Acting Magic: Alan Arkin (1934-2023) | Tributes

Although he is often remembered for his comedies, Arkin was a remarkable dramatic actor as well. In “Wait Until Dark” he oscillates between his breezy persona and shocking bursts of violence as a home invader terrorizing a blind Audrey Hepburn—a movie I watched with my mother perhaps far too often. In the Emmy nominated TV movie “Escape from Sobibor,” he tapped into his Jewish roots to play Polish resistance leader Leon Feldhendler. Arkin channels Feldhendler’s deep sorrow and rage through soft spoken monologues, finding power in raw human emotion.

Perhaps the greatest surprise in his career was his Oscar-nominated turn as John Singer, a deaf-mute in the 1968 adaptation of Carson McCullers’s “The Heart is a Lonely Hunter.” Arkin has no dialogue in the film. His performance is built on glances and gestures, and as such he wears all his emotions on his face and in the way he holds his body. Arkin’s externalization of John’s internal journey, his sorrows and his joys, is a masterclass in range.

He used this range throughout his career, but especially towards the latter half of his career in which he appeared often in movie-stealing supporting roles. As an elder-millennial, the earliest live action films I saw him in were Tim Burton’s “Edward Scissorhands,” as frazzled suburbanite Bill Boggs, and Billy Campbell’s mustachioed partner-in-aviation A. “Peevy” Peabody in “The Rocketeer.” Both films are prime examples of the lovely acerbic curmudgeon that he slowly perfected throughout the decade. See, also “Grosse Pointe Blank” and “Slums of Beverly Hills” for further riffs on his unforgettable persona.

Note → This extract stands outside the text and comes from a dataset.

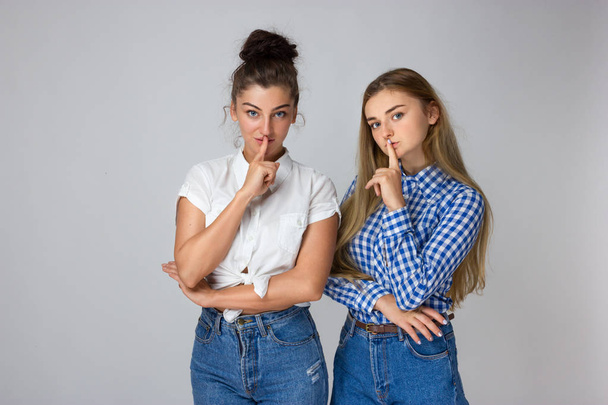 Zwei junge Schwestern mit einem Finger auf den Lippen - schweigende Geste. Nahaufnahme einer jungen Frau, die "shhh" sagt, - Foto, Bild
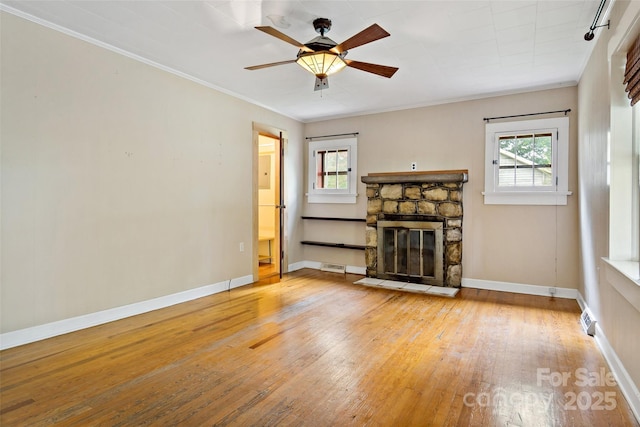 unfurnished living room featuring hardwood / wood-style floors, a stone fireplace, ornamental molding, and a healthy amount of sunlight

His slew of memorable, movie-stealing supporting roles, cultivated throughout the decades, spurred Arkin’s unexpected return to his early Oscar-nominated beginnings. In 2006, he found himself not only nominated, but winning the Oscar for the indie breakout “Little Miss Sunshine.” The role of foul-mouthed, drug-snorting Edwin Hoover feels like a culmination of everything Arkin was known for as an actor. Although Edwin is loud and combative, Arkin quietly calibrates his big performance to fit within the quirky ensemble, crafting a dynamic chemistry with Abigail Breslin as his precocious granddaughter Olive. In his acceptance speech, Arkin said, “acting for me has always been, and always will be, a team sport. I cannot work at all unless I feel a spirit of unity around me.” This was surely a feeling he brought to all those he worked with as well.